### Directions:
Reproduce from the records below, with no pictures, exactly the lines between the one containing "LAZ149 Minnesota License Plate" and the one containing "Custom Velvet Matte", inclusive.

### Task material:
^^^^^^^^^^^^^^^^

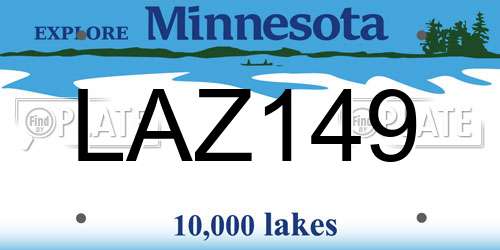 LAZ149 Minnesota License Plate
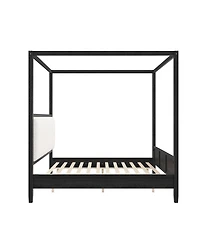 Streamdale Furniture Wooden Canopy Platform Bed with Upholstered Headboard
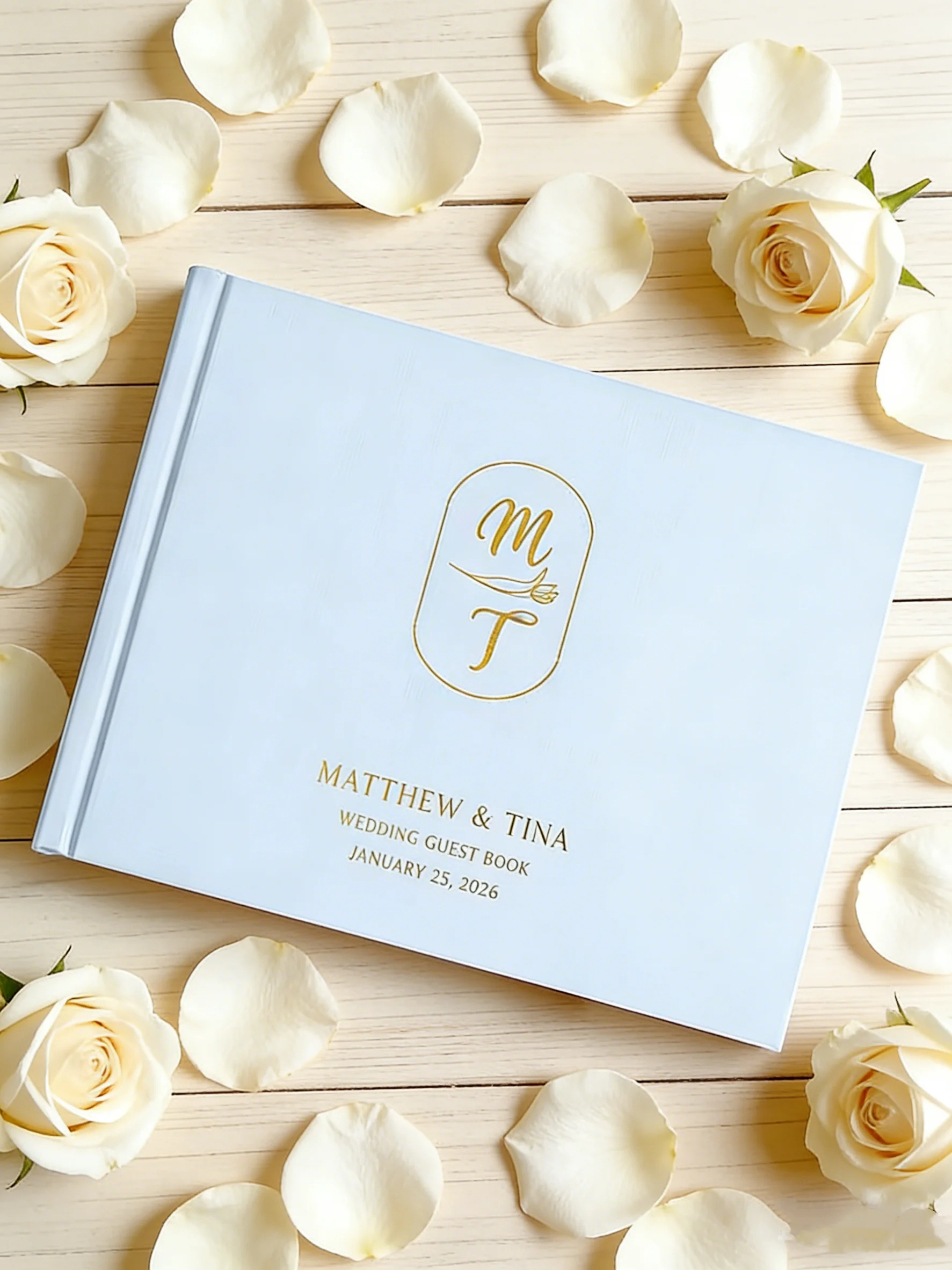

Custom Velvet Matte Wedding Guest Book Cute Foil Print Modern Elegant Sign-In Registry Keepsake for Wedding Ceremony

^^^^^^^^^^^^^^^^

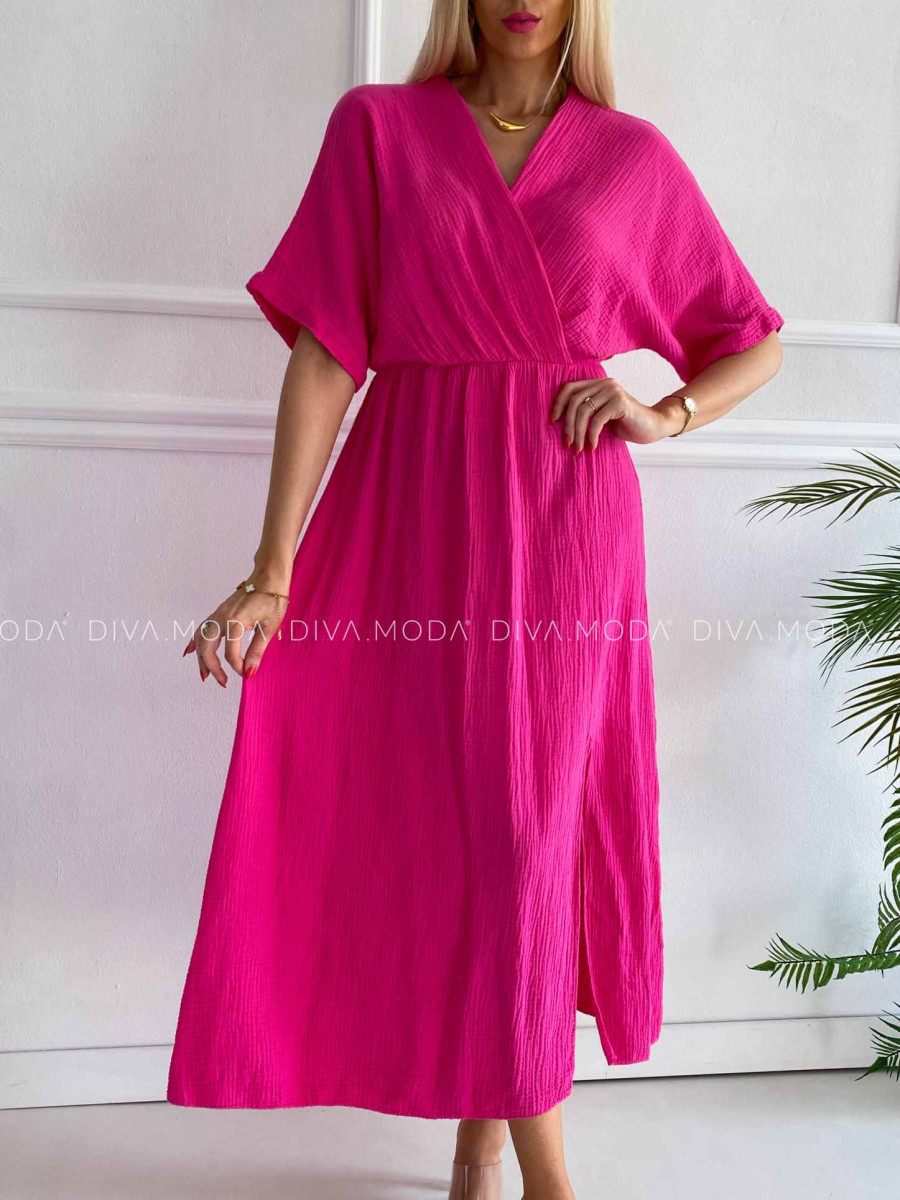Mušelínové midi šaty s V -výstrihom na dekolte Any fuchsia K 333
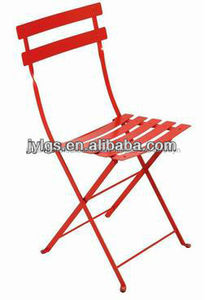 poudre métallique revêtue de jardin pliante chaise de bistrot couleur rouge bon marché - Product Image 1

^^^^^^^^^^^^^^^^

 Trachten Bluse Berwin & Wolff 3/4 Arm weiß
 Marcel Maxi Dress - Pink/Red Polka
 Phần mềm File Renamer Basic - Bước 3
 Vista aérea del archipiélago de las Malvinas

^^^^^^^^^^^^^^^^

### Task solution:
 LAZ149 Minnesota License Plate
 Streamdale Furniture Wooden Canopy Platform Bed with Upholstered Headboard

Custom Velvet Matte Wedding Guest Book Cute Foil Print Modern Elegant Sign-In Registry Keepsake for Wedding Ceremony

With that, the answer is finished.